[Data records]
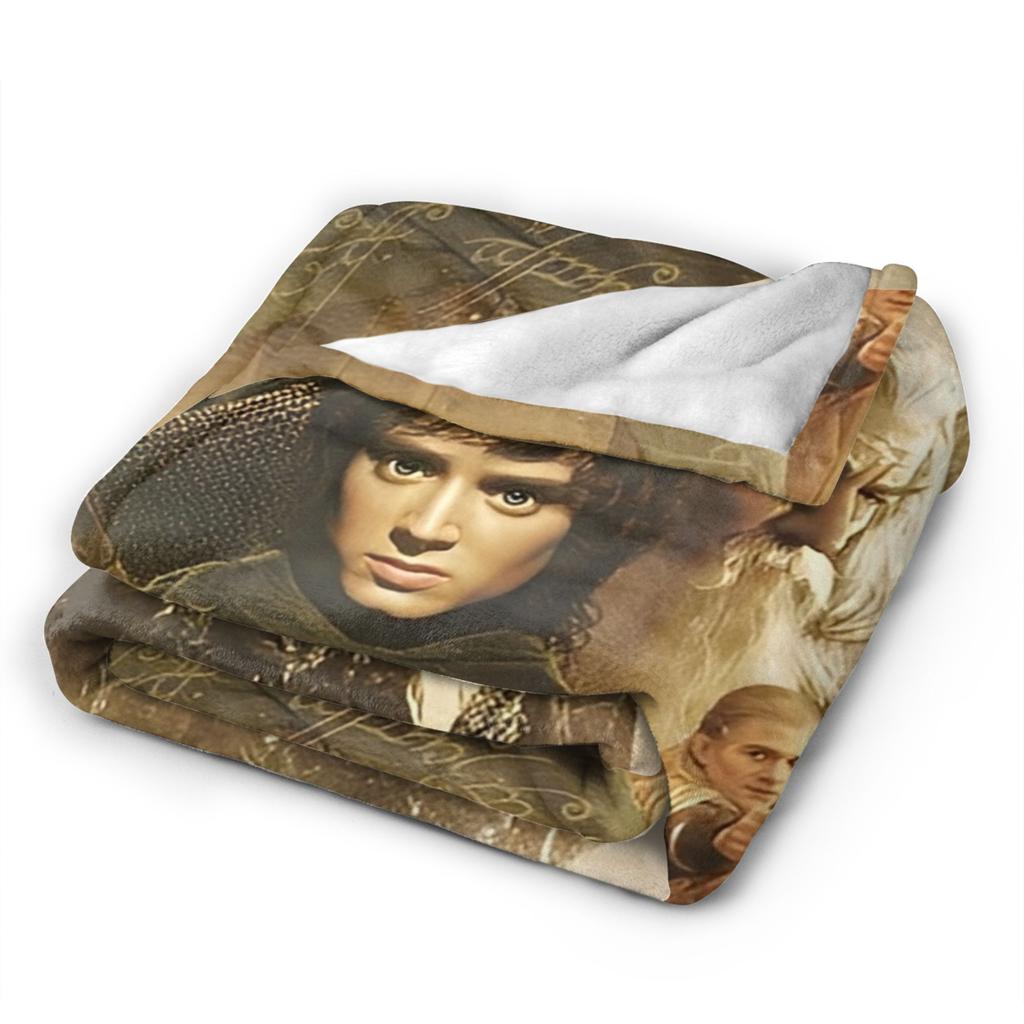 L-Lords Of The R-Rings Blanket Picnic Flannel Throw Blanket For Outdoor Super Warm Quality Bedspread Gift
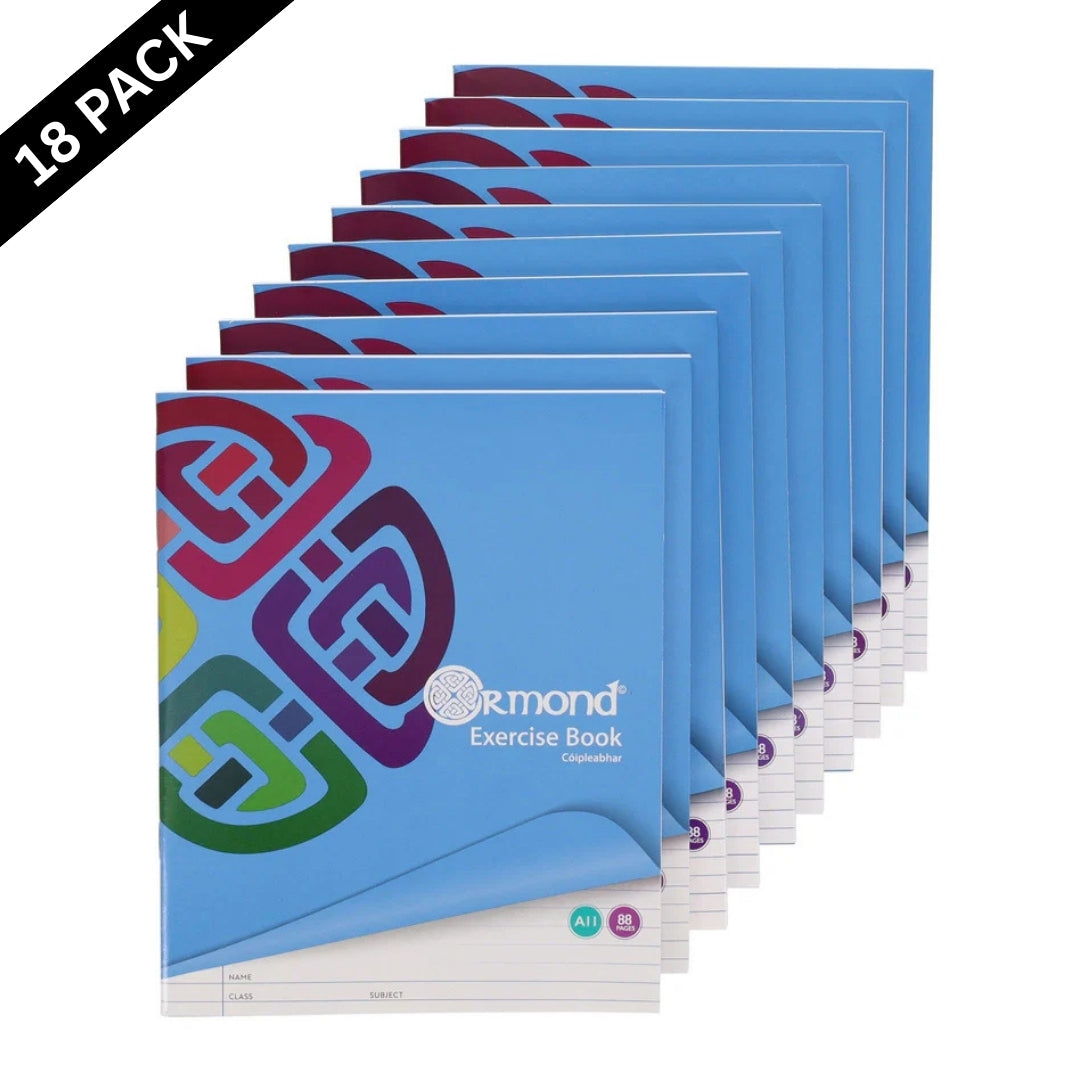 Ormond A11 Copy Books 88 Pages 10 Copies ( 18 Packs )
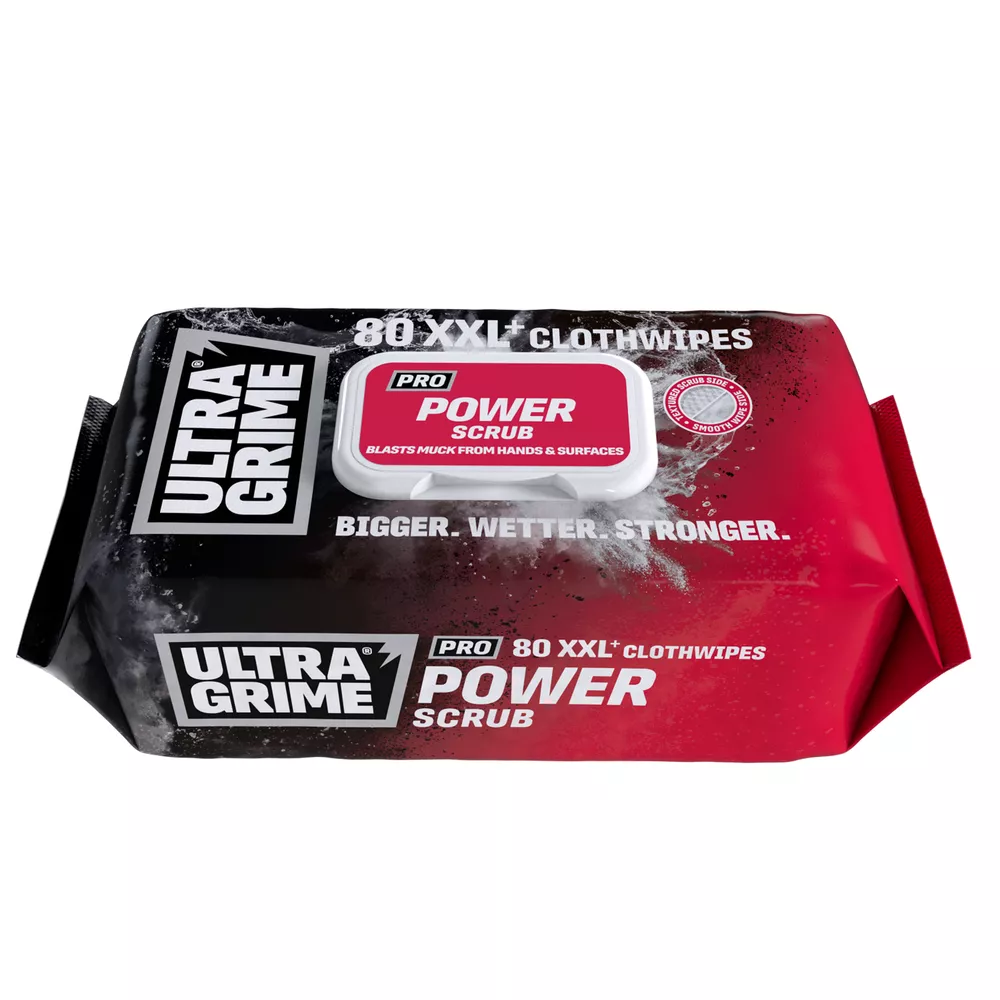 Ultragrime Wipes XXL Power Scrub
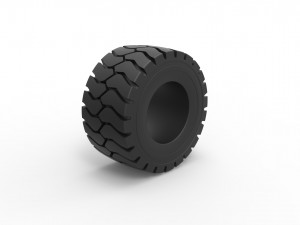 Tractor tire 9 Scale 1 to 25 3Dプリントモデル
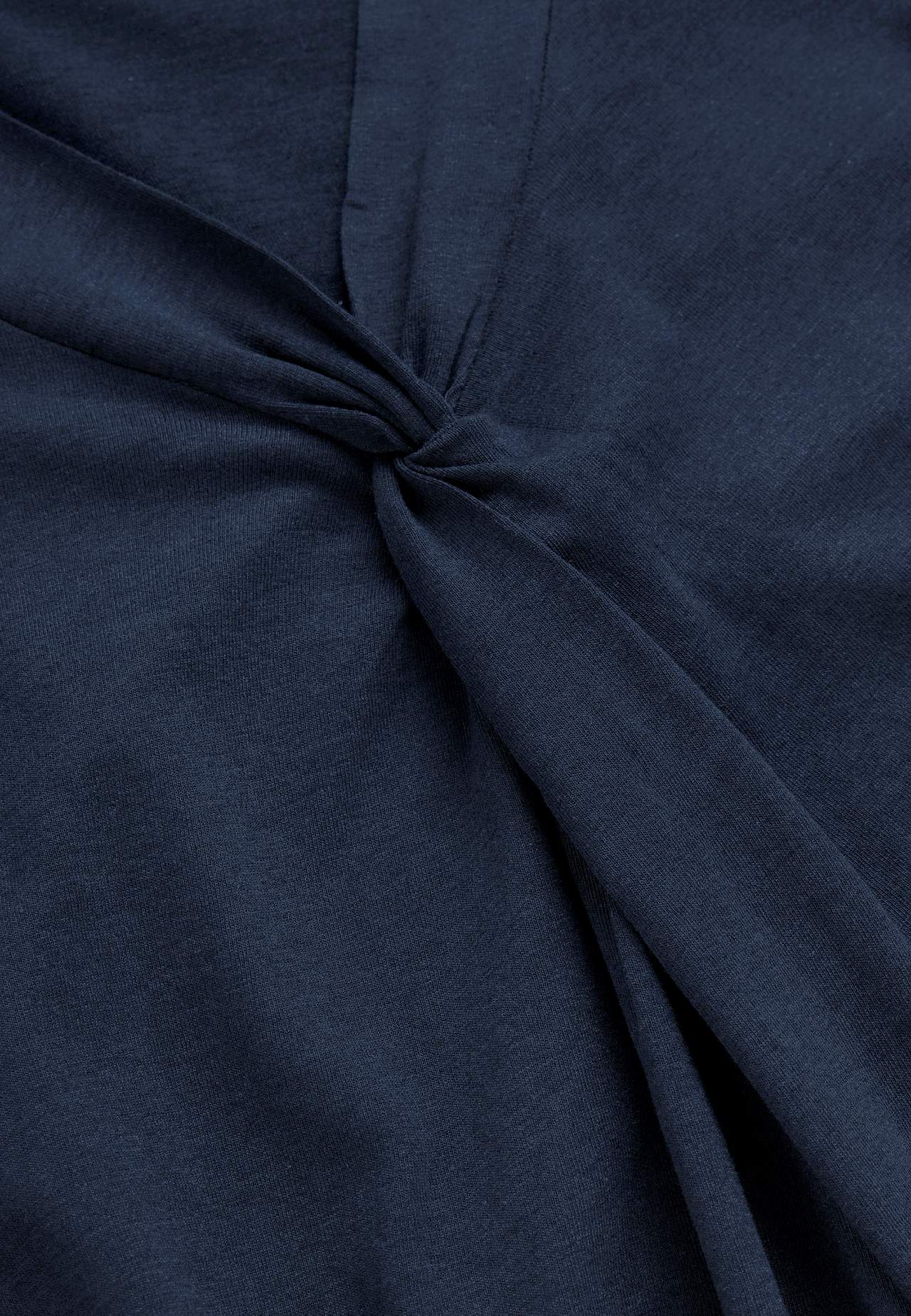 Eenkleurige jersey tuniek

--

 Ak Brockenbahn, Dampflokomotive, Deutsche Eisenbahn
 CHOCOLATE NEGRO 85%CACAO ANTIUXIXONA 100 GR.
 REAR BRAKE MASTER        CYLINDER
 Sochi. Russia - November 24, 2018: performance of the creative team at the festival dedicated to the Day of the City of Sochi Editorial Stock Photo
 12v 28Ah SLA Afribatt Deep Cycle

■ **GOAL OF THE EXERCISE**
Of the entries above, repeat exactly the lines between the line with "Ak Brockenbahn, Dampflokomotive, Deutsche" and the line with "12v 28Ah SLA Afribatt Deep Cycle", inclusive, and no others.

■ **WRITTEN RESPONSE**
 Ak Brockenbahn, Dampflokomotive, Deutsche Eisenbahn
 CHOCOLATE NEGRO 85%CACAO ANTIUXIXONA 100 GR.
 REAR BRAKE MASTER        CYLINDER
 Sochi. Russia - November 24, 2018: performance of the creative team at the festival dedicated to the Day of the City of Sochi Editorial Stock Photo
 12v 28Ah SLA Afribatt Deep Cycle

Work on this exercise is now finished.